GluN2B-containing NMDA receptors as possible targets for the neuroprotective and antidepressant effects of fluoxetine

Janos P. Kiss, Bernadett K. Szasz, László Fodor, A. Mike, Nora Lenkey, Dalma Kurkó, József Nagy, E. Vízi

Research output: Contribution to journalArticle

34 Citations (Scopus)

Abstract

Accumulating evidence has indicated the involvement of glutamatergic neurotransmission in the pathophysiology of excitotoxicity and in the mechanism of action of antidepressants. We have previously shown that tricyclic desipramine and the selective serotonin reuptake inhibitor fluoxetine inhibit NMDA receptors (NMDARs) in the clinically relevant, low micromolar concentration range. As the different subtypes of NMDARs are markedly different in their physiological and pathological functions, our aim was to investigate whether the effect of antidepressants is subtype-specific. Using whole-cell patch-clamp recordings in rat cortical cell cultures, we studied the age-dependence of inhibition of NMDA-induced currents after treatment with desipramine and fluoxetine, as the expression profile of the NMDAR subtypes changes as a function of days in vitro. We also investigated the inhibitory effect of these antidepressants on NMDA-induced currents in HEK 293 cell lines that stably expressed rat recombinant NMDARs with GluN1a/GluN2A or GluN1a/GluN2B subunit compositions. The inhibitory effect of desipramine was not age-dependent, whereas fluoxetine displayed a continuously decreasing inhibitory profile, which was similar to the GluN1/GluN2B subtype-selective antagonist ifenprodil. In HEK 293 cells, desipramine equally inhibited NMDA currents in both cell lines, whereas fluoxetine showed an inhibitory effect only in cells that expressed the GluN1/GluN2B subtype. Our data show that fluoxetine is a selective inhibitor of GluN2B-containing NMDARs, whereas desipramine inhibits both GluN1/GluN2A and GluN1/GluN2B subtypes. As the clinical efficacy of these drugs is very similar, the putative NMDAR-associated therapeutic effect of antidepressants may be mediated only via inhibition of the GluN2B-containing subtype. The manifestation of the GluN1/GluN2B-selectivity of fluoxetine suggests the neuroprotective potential for this drug in both acute and chronic neurodegenerative disorders.

Original languageEnglish
Pages (from-to)170-176
Number of pages7
JournalNeurochemistry International
Volume60
Issue number2
DOIs
Publication statusPublished - Jan 2012

Fingerprint

Fluoxetine
Neuroprotective Agents
N-Methyl-D-Aspartate Receptors
Desipramine
Antidepressive Agents
N-Methylaspartate
HEK293 Cells
Serotonin Uptake Inhibitors
Therapeutic Uses
Synaptic Transmission
Neurodegenerative Diseases
Cell Culture Techniques
Cell Line
Pharmaceutical Preparations

Keywords

  • Depression
  • Desipramine
  • Fluoxetine
  • GluN2B subunit
  • Neuroprotection
  • NMDA receptor subtypes
  • Whole-cell patch-clamp

ASJC Scopus subject areas

  • Cellular and Molecular Neuroscience
  • Cell Biology

Cite this

GluN2B-containing NMDA receptors as possible targets for the neuroprotective and antidepressant effects of fluoxetine. / Kiss, Janos P.; Szasz, Bernadett K.; Fodor, László; Mike, A.; Lenkey, Nora; Kurkó, Dalma; Nagy, József; Vízi, E.

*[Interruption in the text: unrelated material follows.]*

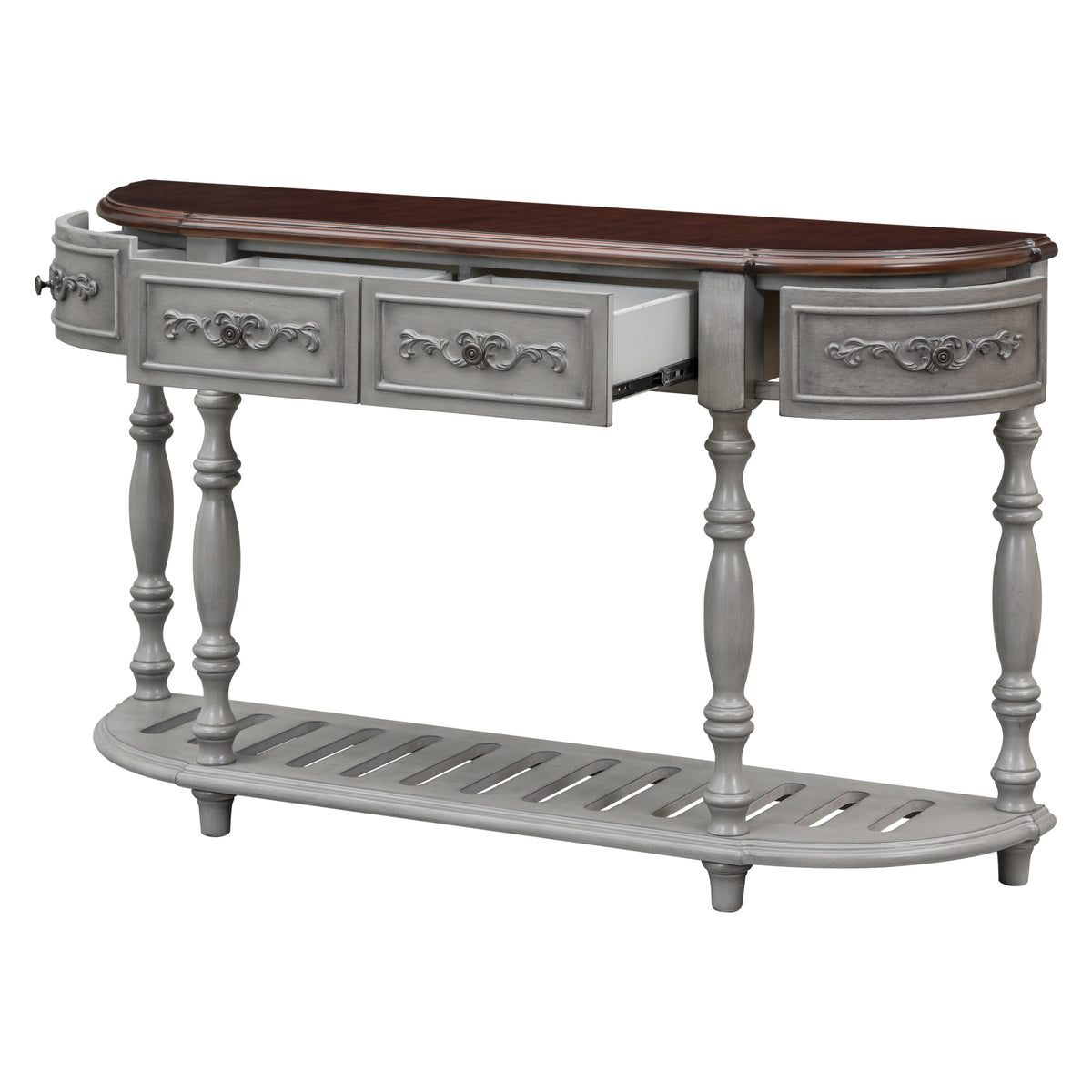 variant-group:rf-n711p186862e|Roomfitters 52" Modern Curved Console Table with Shelf, Entryway Sofa Table for Living Room, Antique Grey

In: Neurochemistry International, Vol. 60, No. 2, 01.2012, p. 170-176.

Research output: Contribution to journalArticle

Kiss, Janos P. ; Szasz, Bernadett K. ; Fodor, László ; Mike, A. ; Lenkey, Nora ; Kurkó, Dalma ; Nagy, József ; Vízi, E. / GluN2B-containing NMDA receptors as possible targets for the neuroprotective and antidepressant effects of fluoxetine. In: Neurochemistry International. 2012 ; Vol. 60, No. 2. pp. 170-176.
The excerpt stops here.